Cosco gets new chairman as China Shipping merger drags on

Ma Zehua, the man who replaced Wei Jiafu as chairman and party secretary for China Cosco Holdings in 2013 when the charismatic executive quit unexpectedly, stepped down Thursday as chairman of the mainland’s largest carrier.

He will be succeeded by non-executive director Wan Min, China Cosco said in a filing to the Hong Kong Exchange. The company announcement said 63-year-old Ma was resigning “due to change of work positions.”

Listed Chinese companies are sensitive about movements of their top executives as the corruption crackdown on the mainland continues to ensnare high profile management, with the result that Ma’s resignation announcement was accompanied by the following clarification.

“Mr. Ma Zehua has confirmed that he has no disagreement with the board, and there is no other matter in respect of his resignation that needs to be brought to the attention of the shareholders of the company.”

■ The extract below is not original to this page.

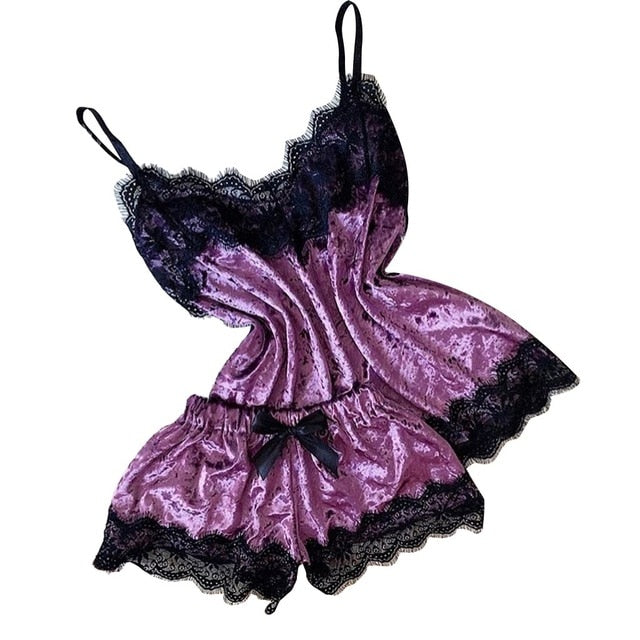 Indulge in Lace and velvet Cami set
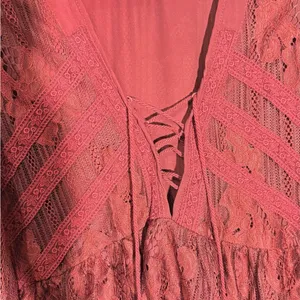 Taylor & Sage COPY - Layson Elegant Lace Women's Top in burgundy red blouse thumbnail 4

But whatever the reason, Ma is hitting the gangplank just as Cosco and China Shipping begin to merge in a process that is expected to take most of the year. Unravelling the complex web of listed entities in Hong Kong and Shanghai and other businesses and sectors will take all the creative genius the State-Owned Asset Supervision and Administration Commission  can muster.

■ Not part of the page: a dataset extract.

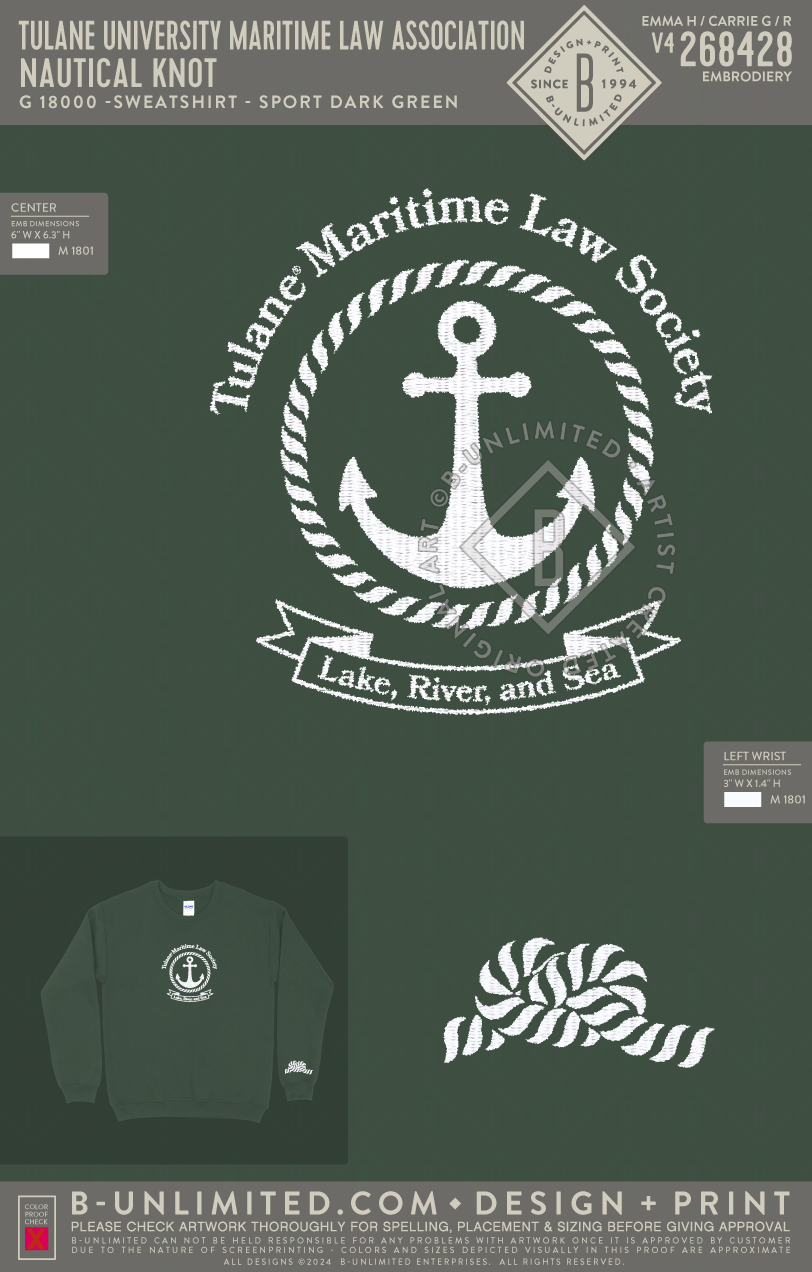 Tulane University Maritime Law Association - Nautical Knot - Gildan - 18000 - Crewneck Sweatshirt - Fan Dark Green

Leading the merged entity that will be named China Cosco Shipping Group— and presumably directing the merger process itself — will be China Shipping Group’s chairman, Xu Lirong. As chairman of the new outfit, Xu will preside over a series of asset swaps with a bag-shaking change of focus of some business units.

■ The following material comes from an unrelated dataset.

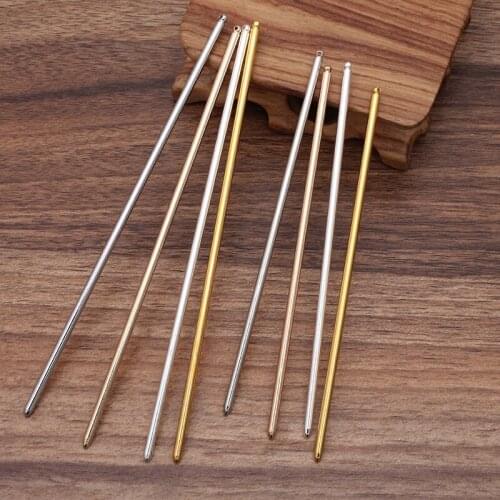 50pcs 125mm 150mm Metal Hair Stick Base Setting 4 Colors Plated Hairpins DIY Hair Accessories For Jewelry Making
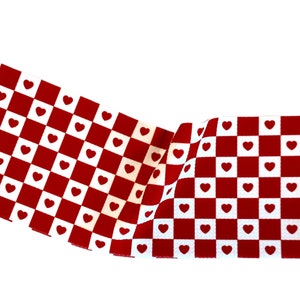 Bullet Knit Fabric, Valentines, Red Heart, Valentine Red Plaids, Red Plaids Fabric, Red Checkers, 5&quot; x 58&quot; (PD-VL3)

The biggest surprise was China Shipping Container Lines exiting the container shipping business. CSCL will become a ship leasing specialist and China Cosco will take over over all box transportation. It is difficult to imagine anywhere else in the world where a Top 10 container shipping line could be converted to a ship leasing and finance company.

It is being billed as consolidation, but the merger of the container divisions of China’s two largest carriers will not take any of the surplus capacity out of the market, merely packaging the two fleets under one name. What it will do is cause significant disruption to the alliance structures under which most container lines in the industry operate.

CSCL belongs to the O3 Alliance while Cosco is with the CKYHE. Combine that with O3’s CMA CGM buying G6 Alliance unit APL (via Neptuen Orient LInes), and you have three of the four alliances that have some serious issues to tackle.

The Cosco-China Shipping merger will create the fourth-largest liner globally, with a market share of 7.8 percent. According to Drewry, it will allow the group to play catch up with Maersk and Mediterranean Shipping Co. at the top of the size rankings and will further concentrate control of the global fleet among the leading few carriers. The new Top 5 container lines will control around 55 percent of the active fleet and orderbook as they currently stand.

Under the new entity, container terminal operator Cosco Pacific keeps doing what it has always done, i.e. continue to focus on port investments and operations, becoming the world’s second-largest in throughput terms.

But it is not all about boxes. China Shipping Development, the former bulk division, will focus on tanker and LNG transport while offloading its loss-making dry bulk business to China Cosco Group and acquiring a Dalian tanker subsidiary.